Python functions for using USA ZIP Codes in geospatial processes.

Code style: black

By J. A. Cooper -- https://github.com/cooperjaXC

Overview

Crosswalks for easy python conversions of USA ZIP Codes.

  1. ZIP Codes → ZCTAs
  1. ZIP Codes → ZCTAs
  • Input
    • ZCTAs (string)
  • Outputs:
    • Each corresponding 5 digit postal Zip Codes (list)
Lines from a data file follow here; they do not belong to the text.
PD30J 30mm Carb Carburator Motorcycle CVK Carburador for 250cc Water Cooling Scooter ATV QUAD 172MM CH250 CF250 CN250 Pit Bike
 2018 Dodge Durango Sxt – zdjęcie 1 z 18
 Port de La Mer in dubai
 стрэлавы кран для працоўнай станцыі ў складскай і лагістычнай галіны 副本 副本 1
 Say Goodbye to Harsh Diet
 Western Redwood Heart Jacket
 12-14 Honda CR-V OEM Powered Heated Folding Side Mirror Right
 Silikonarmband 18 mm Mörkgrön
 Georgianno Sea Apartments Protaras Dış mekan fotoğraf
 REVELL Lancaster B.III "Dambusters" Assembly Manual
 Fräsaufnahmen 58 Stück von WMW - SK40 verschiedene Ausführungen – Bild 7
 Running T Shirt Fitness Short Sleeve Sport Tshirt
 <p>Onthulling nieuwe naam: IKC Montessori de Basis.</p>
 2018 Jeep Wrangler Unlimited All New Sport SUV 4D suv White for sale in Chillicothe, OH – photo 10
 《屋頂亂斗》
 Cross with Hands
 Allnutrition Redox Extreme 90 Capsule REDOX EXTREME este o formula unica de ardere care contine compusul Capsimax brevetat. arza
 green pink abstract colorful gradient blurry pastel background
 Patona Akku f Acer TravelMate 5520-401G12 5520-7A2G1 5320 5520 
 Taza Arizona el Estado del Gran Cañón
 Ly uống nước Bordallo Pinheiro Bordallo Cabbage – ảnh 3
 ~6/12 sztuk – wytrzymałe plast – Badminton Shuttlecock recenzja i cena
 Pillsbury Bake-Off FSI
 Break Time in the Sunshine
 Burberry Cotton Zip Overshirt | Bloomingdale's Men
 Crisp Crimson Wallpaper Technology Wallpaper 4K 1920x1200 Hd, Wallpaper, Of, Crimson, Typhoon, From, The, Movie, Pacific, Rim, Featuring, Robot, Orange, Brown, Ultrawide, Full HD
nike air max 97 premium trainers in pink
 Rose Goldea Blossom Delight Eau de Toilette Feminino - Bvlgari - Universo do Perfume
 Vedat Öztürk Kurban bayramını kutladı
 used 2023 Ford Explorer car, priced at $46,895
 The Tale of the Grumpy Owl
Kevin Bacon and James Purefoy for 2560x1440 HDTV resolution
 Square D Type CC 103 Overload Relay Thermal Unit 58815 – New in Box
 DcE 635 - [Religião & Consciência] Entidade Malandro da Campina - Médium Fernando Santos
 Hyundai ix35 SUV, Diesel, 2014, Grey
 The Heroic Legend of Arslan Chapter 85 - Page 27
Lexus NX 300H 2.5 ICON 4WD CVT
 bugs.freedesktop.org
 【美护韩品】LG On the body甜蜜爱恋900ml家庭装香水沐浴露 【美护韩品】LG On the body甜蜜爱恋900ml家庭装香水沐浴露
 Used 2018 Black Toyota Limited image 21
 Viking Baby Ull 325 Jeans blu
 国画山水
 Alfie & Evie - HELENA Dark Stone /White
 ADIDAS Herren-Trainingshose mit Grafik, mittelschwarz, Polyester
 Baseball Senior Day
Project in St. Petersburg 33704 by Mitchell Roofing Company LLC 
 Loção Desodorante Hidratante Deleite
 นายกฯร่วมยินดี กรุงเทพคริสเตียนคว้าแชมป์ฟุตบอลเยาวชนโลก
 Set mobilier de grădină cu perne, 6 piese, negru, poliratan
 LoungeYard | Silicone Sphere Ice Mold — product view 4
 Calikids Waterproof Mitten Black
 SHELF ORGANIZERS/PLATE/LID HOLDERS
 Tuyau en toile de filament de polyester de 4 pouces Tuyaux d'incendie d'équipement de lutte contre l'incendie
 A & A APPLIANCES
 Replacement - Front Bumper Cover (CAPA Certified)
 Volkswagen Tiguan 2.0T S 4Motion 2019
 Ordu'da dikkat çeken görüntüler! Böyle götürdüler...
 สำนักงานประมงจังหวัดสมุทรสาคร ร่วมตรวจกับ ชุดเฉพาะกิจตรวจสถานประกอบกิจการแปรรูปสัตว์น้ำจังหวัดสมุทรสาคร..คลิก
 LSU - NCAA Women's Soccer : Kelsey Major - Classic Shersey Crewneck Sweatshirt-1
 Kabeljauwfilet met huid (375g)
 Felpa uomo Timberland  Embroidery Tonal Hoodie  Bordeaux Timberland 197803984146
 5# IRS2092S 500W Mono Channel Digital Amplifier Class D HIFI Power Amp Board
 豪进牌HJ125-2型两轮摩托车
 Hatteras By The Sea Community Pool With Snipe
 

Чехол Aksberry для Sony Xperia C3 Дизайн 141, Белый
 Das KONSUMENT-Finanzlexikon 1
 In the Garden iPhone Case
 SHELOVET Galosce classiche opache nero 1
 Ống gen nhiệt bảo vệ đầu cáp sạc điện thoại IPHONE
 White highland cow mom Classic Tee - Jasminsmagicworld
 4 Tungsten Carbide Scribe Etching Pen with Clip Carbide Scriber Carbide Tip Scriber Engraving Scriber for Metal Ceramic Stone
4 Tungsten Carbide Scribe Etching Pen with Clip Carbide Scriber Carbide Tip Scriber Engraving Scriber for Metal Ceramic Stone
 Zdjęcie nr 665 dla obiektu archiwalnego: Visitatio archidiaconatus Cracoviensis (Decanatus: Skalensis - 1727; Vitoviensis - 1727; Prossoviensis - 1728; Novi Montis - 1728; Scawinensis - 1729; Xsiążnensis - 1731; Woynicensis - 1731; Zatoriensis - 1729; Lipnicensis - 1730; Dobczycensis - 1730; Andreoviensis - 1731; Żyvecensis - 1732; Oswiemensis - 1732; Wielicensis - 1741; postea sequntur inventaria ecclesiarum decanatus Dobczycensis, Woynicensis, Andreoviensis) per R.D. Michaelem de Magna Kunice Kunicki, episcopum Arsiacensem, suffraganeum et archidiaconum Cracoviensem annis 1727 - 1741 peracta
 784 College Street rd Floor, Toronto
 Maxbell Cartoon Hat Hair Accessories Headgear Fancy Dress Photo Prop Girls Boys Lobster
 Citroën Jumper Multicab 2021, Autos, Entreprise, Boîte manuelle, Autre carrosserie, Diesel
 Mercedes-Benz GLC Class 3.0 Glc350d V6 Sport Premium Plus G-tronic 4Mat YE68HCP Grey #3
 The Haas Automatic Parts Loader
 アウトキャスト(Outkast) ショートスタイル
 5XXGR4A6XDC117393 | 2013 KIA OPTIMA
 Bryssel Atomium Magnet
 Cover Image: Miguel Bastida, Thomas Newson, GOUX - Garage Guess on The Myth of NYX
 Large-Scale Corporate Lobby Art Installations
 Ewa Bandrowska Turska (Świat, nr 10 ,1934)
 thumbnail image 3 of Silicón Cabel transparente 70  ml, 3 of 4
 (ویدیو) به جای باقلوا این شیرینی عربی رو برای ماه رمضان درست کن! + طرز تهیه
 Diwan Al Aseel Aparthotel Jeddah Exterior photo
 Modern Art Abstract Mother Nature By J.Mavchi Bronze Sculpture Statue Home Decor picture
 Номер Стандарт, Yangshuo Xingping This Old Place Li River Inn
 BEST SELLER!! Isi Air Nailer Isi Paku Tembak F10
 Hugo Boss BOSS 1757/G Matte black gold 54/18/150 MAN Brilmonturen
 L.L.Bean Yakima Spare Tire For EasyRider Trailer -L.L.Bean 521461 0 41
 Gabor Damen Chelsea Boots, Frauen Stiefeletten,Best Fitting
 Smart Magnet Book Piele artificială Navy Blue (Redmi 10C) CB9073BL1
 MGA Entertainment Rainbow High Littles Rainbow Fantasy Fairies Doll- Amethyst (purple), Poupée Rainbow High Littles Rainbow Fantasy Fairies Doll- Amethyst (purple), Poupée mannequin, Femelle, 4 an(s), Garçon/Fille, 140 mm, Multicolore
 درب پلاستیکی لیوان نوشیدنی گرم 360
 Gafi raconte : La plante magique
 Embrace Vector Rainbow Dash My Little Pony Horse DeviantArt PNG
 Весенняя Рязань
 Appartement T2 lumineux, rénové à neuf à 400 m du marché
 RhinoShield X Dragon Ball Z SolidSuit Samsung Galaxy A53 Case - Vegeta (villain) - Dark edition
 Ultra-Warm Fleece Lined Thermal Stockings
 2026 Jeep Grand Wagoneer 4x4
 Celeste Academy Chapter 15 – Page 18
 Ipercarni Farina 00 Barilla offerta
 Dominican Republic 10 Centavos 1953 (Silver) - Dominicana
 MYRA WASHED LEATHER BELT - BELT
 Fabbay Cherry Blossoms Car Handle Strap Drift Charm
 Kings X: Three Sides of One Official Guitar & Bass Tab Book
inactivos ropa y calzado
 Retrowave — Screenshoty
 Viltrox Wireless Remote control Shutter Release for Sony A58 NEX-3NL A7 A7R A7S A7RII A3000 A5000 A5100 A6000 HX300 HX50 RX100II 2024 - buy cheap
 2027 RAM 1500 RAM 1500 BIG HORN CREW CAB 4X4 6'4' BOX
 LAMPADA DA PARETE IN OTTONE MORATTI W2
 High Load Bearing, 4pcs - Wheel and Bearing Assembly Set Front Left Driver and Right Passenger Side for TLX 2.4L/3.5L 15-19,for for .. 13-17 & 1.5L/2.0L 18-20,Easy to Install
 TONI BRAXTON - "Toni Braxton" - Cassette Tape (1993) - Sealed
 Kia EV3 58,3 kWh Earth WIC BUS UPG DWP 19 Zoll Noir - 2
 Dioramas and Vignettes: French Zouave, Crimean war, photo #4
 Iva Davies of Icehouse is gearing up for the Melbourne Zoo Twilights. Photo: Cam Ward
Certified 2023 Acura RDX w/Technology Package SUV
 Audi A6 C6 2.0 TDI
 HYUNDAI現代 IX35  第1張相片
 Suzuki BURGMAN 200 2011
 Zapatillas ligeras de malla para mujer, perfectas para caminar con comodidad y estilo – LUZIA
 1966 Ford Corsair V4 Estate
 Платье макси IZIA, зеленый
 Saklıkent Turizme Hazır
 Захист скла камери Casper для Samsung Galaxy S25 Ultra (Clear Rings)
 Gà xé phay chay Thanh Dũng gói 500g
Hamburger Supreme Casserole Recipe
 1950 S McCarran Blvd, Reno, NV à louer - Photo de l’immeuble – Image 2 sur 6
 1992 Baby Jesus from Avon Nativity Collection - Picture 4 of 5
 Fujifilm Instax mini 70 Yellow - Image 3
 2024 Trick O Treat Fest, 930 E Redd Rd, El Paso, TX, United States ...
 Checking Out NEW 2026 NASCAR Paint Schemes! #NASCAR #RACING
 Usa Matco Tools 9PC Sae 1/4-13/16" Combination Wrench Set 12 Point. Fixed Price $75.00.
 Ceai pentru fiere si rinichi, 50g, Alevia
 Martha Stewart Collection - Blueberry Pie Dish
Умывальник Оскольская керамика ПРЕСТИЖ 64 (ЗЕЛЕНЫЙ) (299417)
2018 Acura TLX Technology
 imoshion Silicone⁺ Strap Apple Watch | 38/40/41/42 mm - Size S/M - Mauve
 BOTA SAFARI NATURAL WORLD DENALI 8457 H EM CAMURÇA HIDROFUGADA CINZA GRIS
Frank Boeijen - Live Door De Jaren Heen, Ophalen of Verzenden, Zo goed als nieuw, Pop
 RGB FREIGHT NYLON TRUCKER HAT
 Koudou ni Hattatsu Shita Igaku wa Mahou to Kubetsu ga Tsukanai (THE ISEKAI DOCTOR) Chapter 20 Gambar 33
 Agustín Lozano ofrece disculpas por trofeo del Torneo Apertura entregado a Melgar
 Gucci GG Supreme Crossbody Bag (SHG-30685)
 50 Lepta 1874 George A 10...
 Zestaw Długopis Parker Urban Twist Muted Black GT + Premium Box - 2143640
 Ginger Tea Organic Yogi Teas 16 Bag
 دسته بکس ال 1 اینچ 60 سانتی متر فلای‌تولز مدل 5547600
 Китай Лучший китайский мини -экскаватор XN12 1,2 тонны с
Operates with both individual ZIP Codes and pandas dataframes. Compatible with both US Census year 2010 and 2020 (default) ZCTAs.

Key Functions

  • zip_code_crosswalk - Takes a (1) postal ZIP Code and transforms it into a Zip Code Tract Area (ZCTAs), the US Census-defined polygonal region for a ZIP Code. Compatible with both 2010 and 2020 ZCTAs.
  • df_zip_crosswalk - Takes a Pandas Dataframe with a ZIP-Code field and returns a ZCTA field using the crosswalk function.
  • reverse_zcta_crosswalk - Takes a (1) Zip Code Tract Area (ZCTAs) and returns all its associated postal ZIP Codes. Compatible with both 2010 and 2020 ZCTAs.
  • df_reverse_zcta_crosswalk - Takes a Pandas Dataframe with a ZCTA field and returns a field with a list of associated ZIP-Codes. Uses the reverse crosswalk function.
  • lat_lon_centroid - Takes a (1) postal ZIP Code and returns its ZCTA's spatial coordinates in a [latitude, longitude] format based on US Census TIGER shapefiles. Compatible with both 2010 and 2020 ZCTAs.
  • df_latlon_centroids - Takes a Pandas Dataframe with a ZIP-Code field and returns fields with the ZCTA's central latitude and longitude coordinates using the centroid function.